Items from a dataset
+-------+

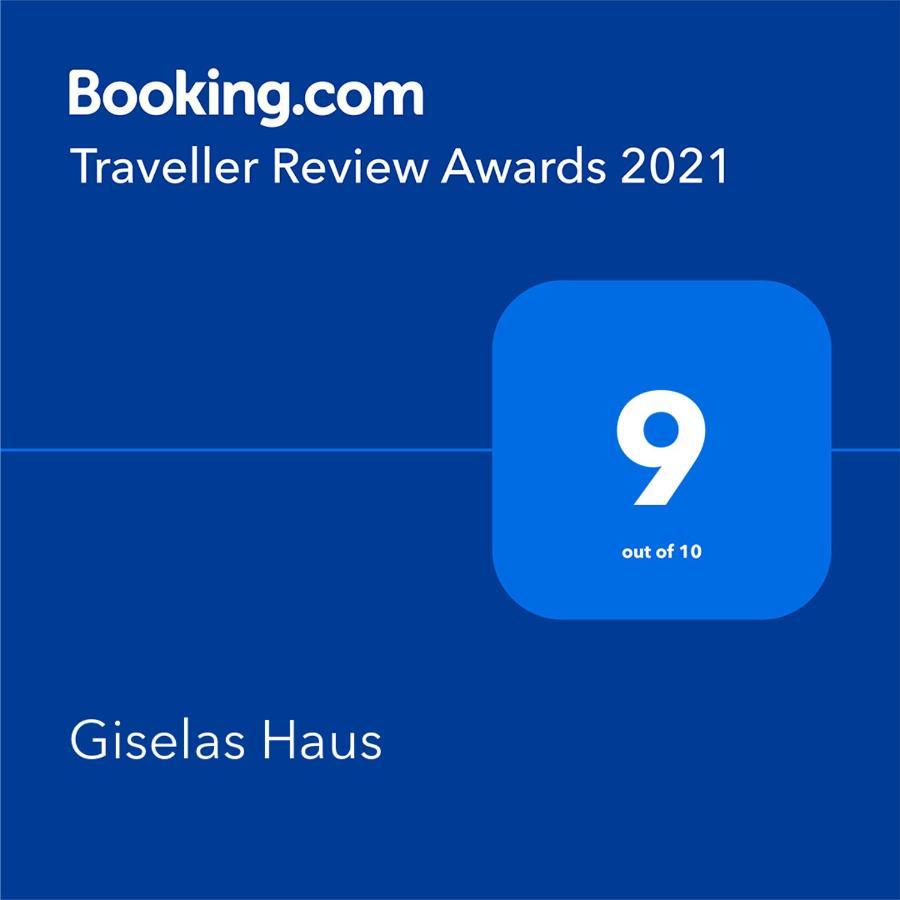 Giselas Haus 클로펜부르크 외부 사진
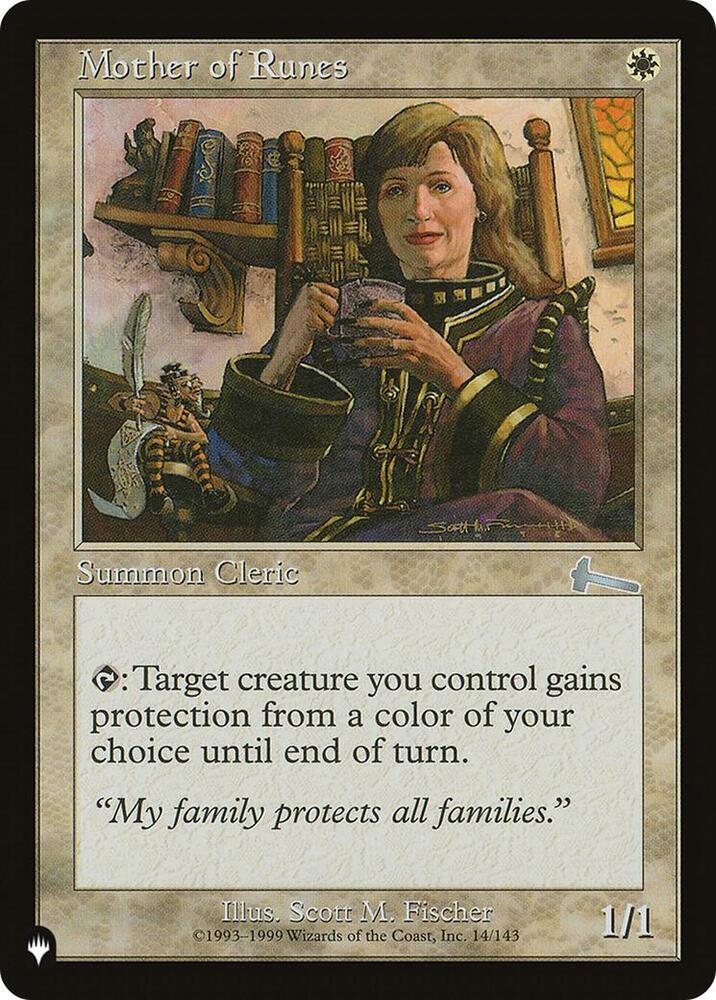 Mother of Runes (ULG) [The List Reprints] 14/143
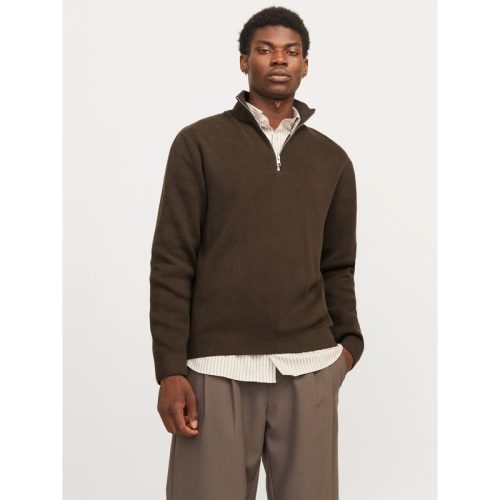 Jack & Jones Jprblamilano stitch knit half zip s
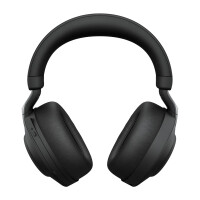 Jabra Evolve2 85 - UC Stereo - Kopfh&ouml;rer - Kopfband - B&uuml;ro/Callcenter - Schwarz - Binaural - Bluetooth-Pairing - Abspielen/Pause - Track &lt; - Ortung &gt; - Lautst&auml;rke + - Lauts&auml;rke -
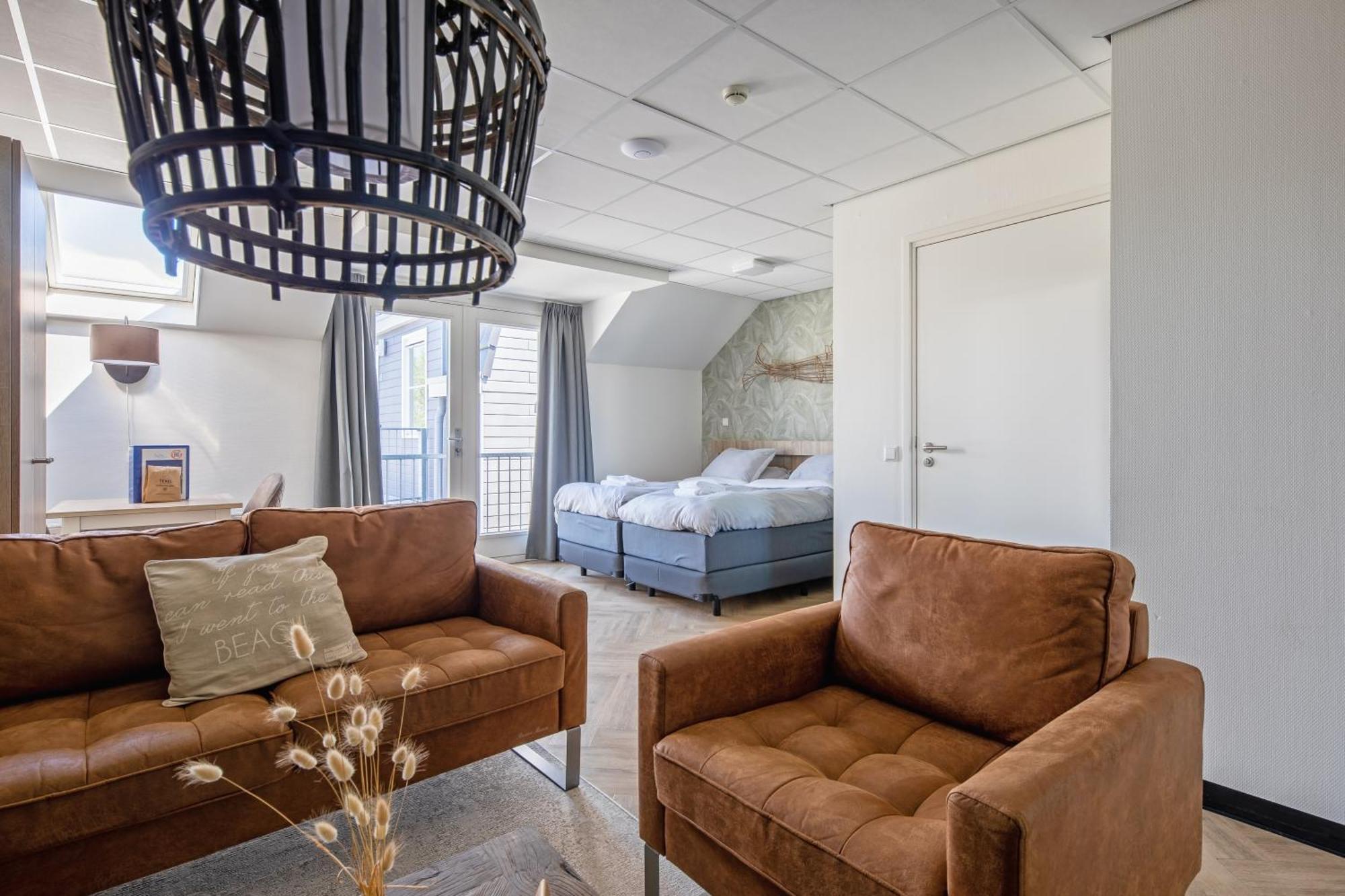 Strandplevier Suites De Koog  Kültér fotó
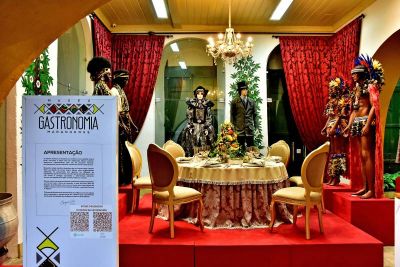 notícia: Prefeitura de São Luís promove 1º Seminário Internacional do Museu da Gastronomia Maranhense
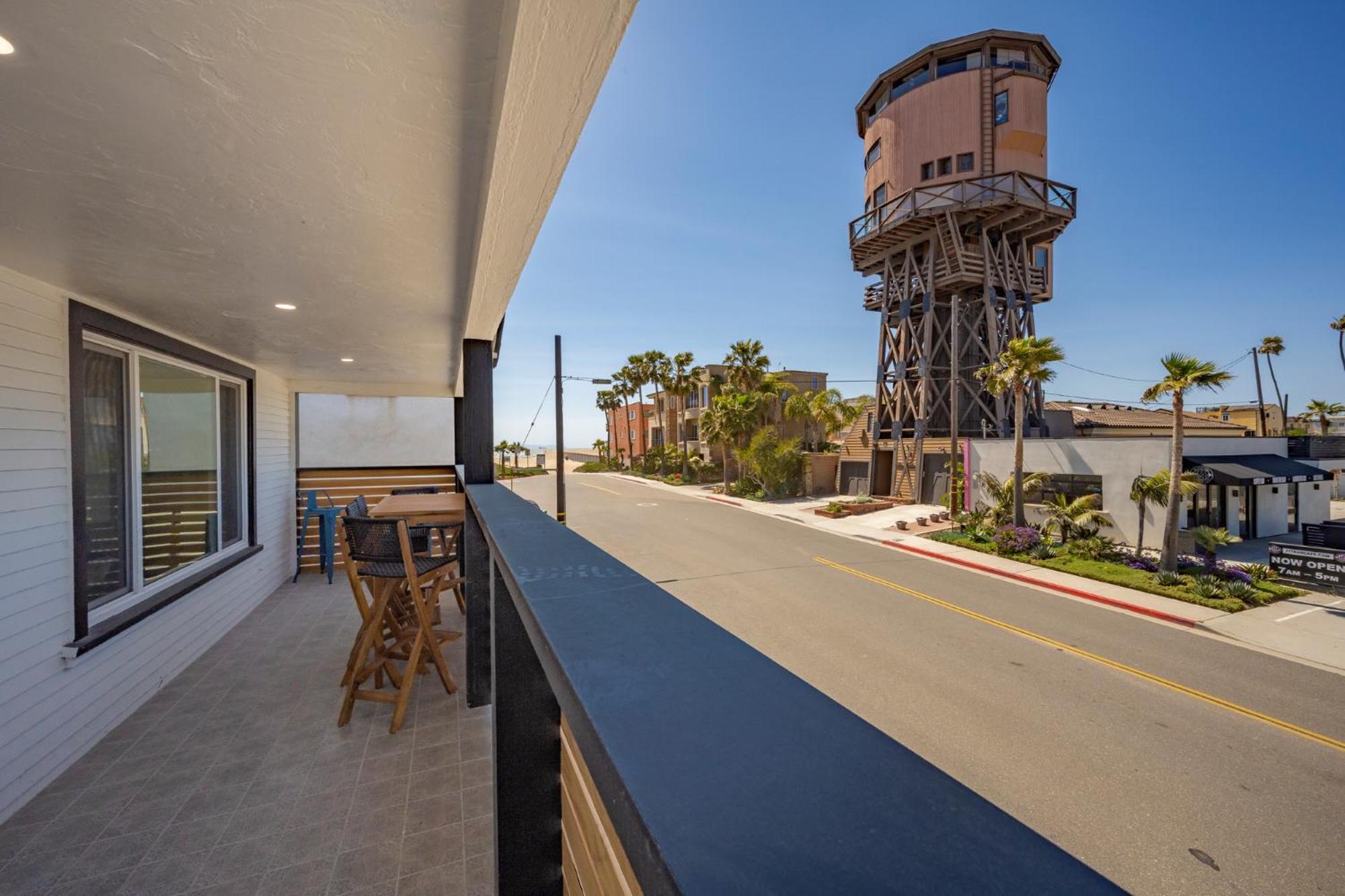 Brand New Home By The Beach & Historic Sunset Water Tower Sunset Beach Bagian luar foto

+-------+

**Problem details**
The records are to be retyped in full and exactly, with no image carried over.

**Task answer**
 Giselas Haus 클로펜부르크 외부 사진
 Mother of Runes (ULG) [The List Reprints] 14/143
 Jack & Jones Jprblamilano stitch knit half zip s
 Jabra Evolve2 85 - UC Stereo - Kopfh&ouml;rer - Kopfband - B&uuml;ro/Callcenter - Schwarz - Binaural - Bluetooth-Pairing - Abspielen/Pause - Track &lt; - Ortung &gt; - Lautst&auml;rke + - Lauts&auml;rke -
 Strandplevier Suites De Koog  Kültér fotó
 notícia: Prefeitura de São Luís promove 1º Seminário Internacional do Museu da Gastronomia Maranhense
 Brand New Home By The Beach & Historic Sunset Water Tower Sunset Beach Bagian luar foto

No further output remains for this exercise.